Figures in another of the studies bear this out. For example:
- Only 61% of the men were employed during the three-year period and only 45% full-time, year round.
- Of those who worked, 37% made less than $10,000 a year — below the poverty line for a single person.
- A mind-boggling 85% made less than $25,000.
Yet 77% of the men were counted as part of the labor force, meaning they were either working or looking for work at the time the Census Bureau conducted the surveys the Institute used.
So there seem to have been far more at risk of disconnection than actually disconnected — at least, so far as work is concerned. Disconnection from family is another matter.
Fewer than half had ever been married. And only 32% were during the 2008-10 period. But one gathers from what Simms says and from discussion at a symposium the Institute conducted that a far larger portion are fathers.
Most would like to be breadwinners and involved in their children’s lives, according to the experts who participated. But, as we know from other research, they’re hindered by low earnings and poor prospects.
Belonging to this disadvantaged group is not an equal opportunity. The men are disproportionately black and Hispanic — 48% of the Institute’s target group when counted together.
Simms cites two critical factors that help explain this — though we shouldn’t altogether discount plain old race discrimination in the labor market.
For the group as a whole, one reason for the dismal employment and earnings figures is insufficient education. Nearly a third had no more than a high school diploma or the equivalent. And 29% didn’t even have that. But the latter was true for half the Hispanics.
With or without the formal education credentials that could qualify them for ongoing, decent-paying jobs, many can’t get a foot in the door because they’ve spent time in prison.

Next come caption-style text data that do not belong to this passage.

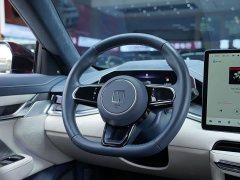 Zeekr Geely Zeekr 001 Ultra-Long Range Dual Motor YOU Edition - ფოტო 12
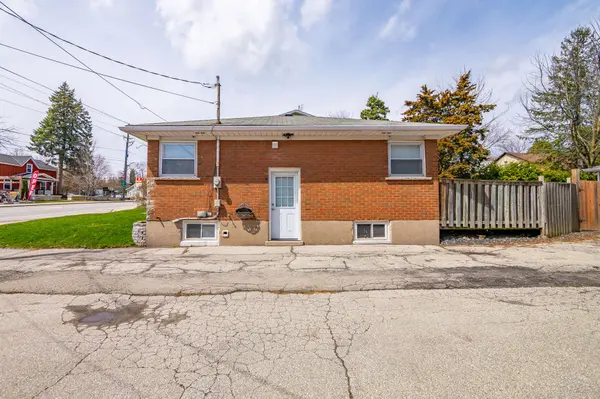 45 Main ST N, Milton, ON L0P 1B0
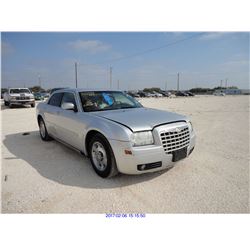 2005 - CHRYSLER 300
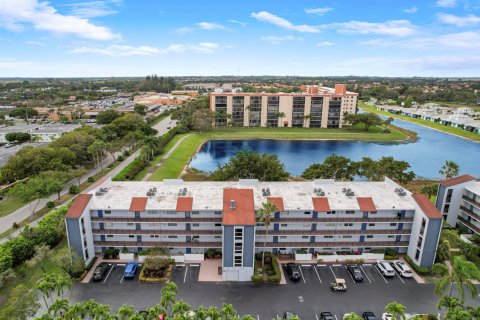 Condo in Delray Beach, Florida, 2 bedrooms  № 1014126 - photo 23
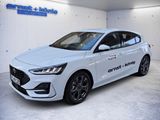 Ford Focus 1.0 EcoBoost Hybrid Aut. ST-LINE X - Ford Focus mit Benzin-Antrieb: Limousine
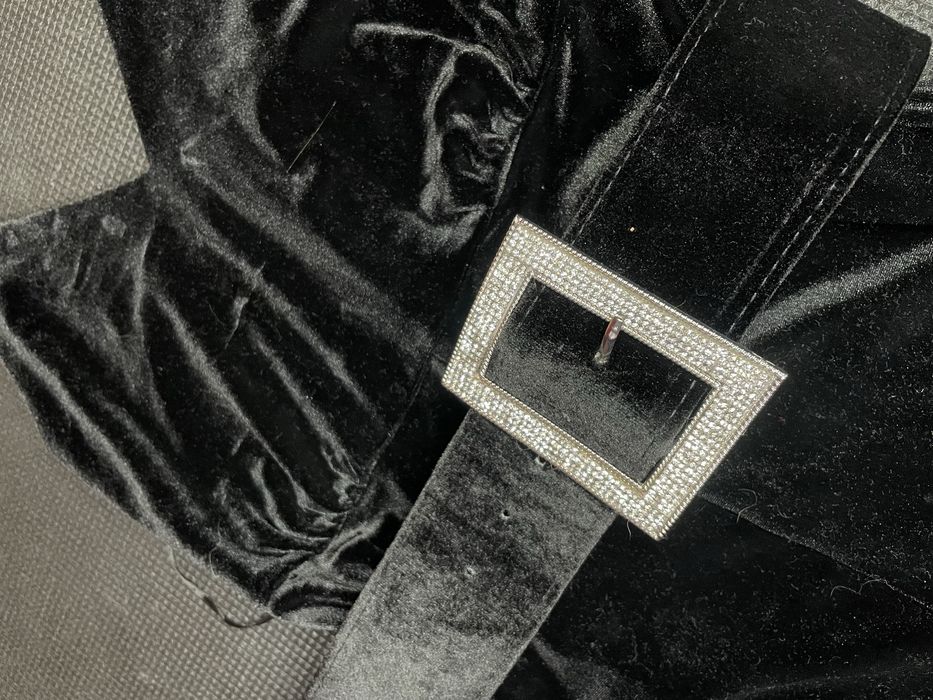 Дамски дълъг гащеризон Stradivarius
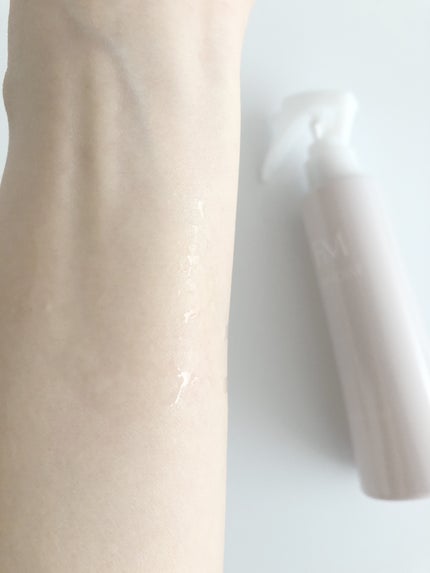 ファーモイスト 全身パックボディミスト/FIRMOIST/ミスト状化粧水を使ったクチコミ(6枚目)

Though the incarceration rate for young non-Hispanic white men has risen somewhat since 1980, it’s risen more for Hispanic young men — and soared for those who are black.

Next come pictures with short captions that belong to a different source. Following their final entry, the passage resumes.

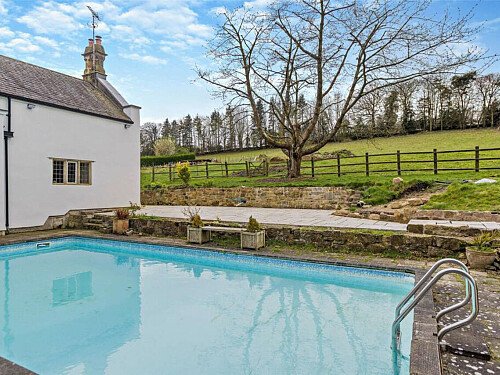 Onn House - Filming Locations Locations Direct -16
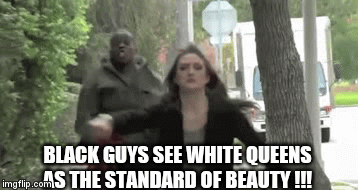7 Things I Dislike About White Women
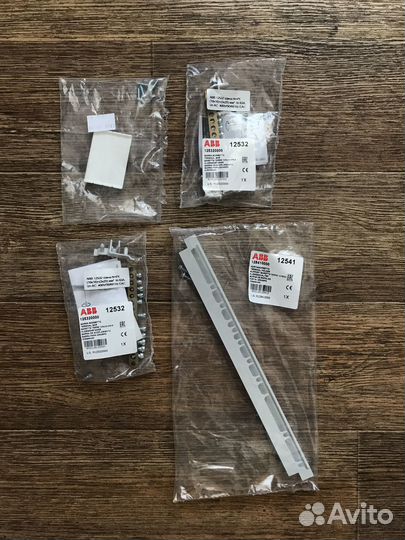 Щит распределительный ABB Basic E BEF402224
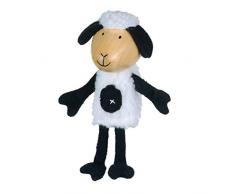 Crafts Marionnette de Mouton Multicolore (1)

In 2008, 11.4% of all black men between the ages of 20 and 34 were behind bars. This is well over six times the rate for non-Hispanic white men in the same age range and about three times the rate for their Hispanic counterparts.

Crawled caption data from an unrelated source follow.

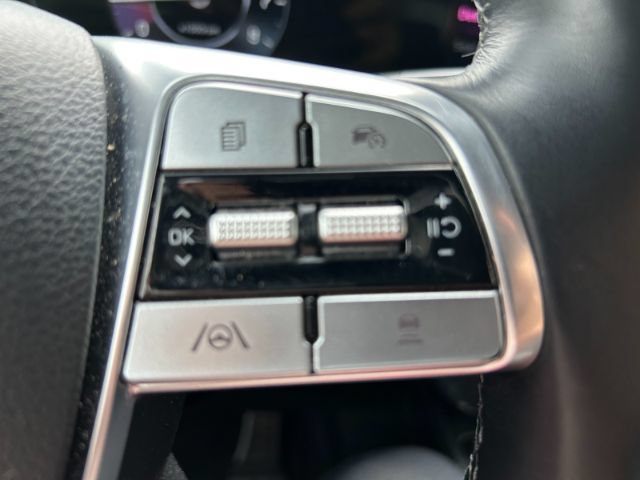 Used 2025 Kia Telluride SX X-Line AWD/4WD image 24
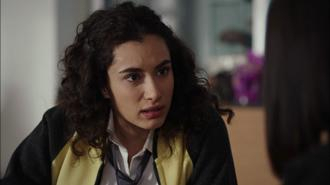 Aşık mısın Zeynep?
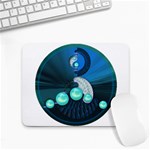 Communication Small Mousepad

Simms concludes that “another door must open.” Both public and private-sector policies must change to lower the employment barriers for ex-offenders.
As important as this is, I think, as do many others, that we also need to change our incarceration policies — and to eliminate what looks for all the world like race discrimination in both sentencing and the way some local law enforcement authorities go about their business.
The Institute’s findings also cry out for reforms in our education system — from pre-K through college. These obviously must include opportunities for adults to make up for what they didn’t learn, whether because they dropped out, were pushed out or graduated with only minimal basic skills.
Even this agenda is, I think, too narrow. Perhaps the Institute’s studies will culminate in something more satisfactory.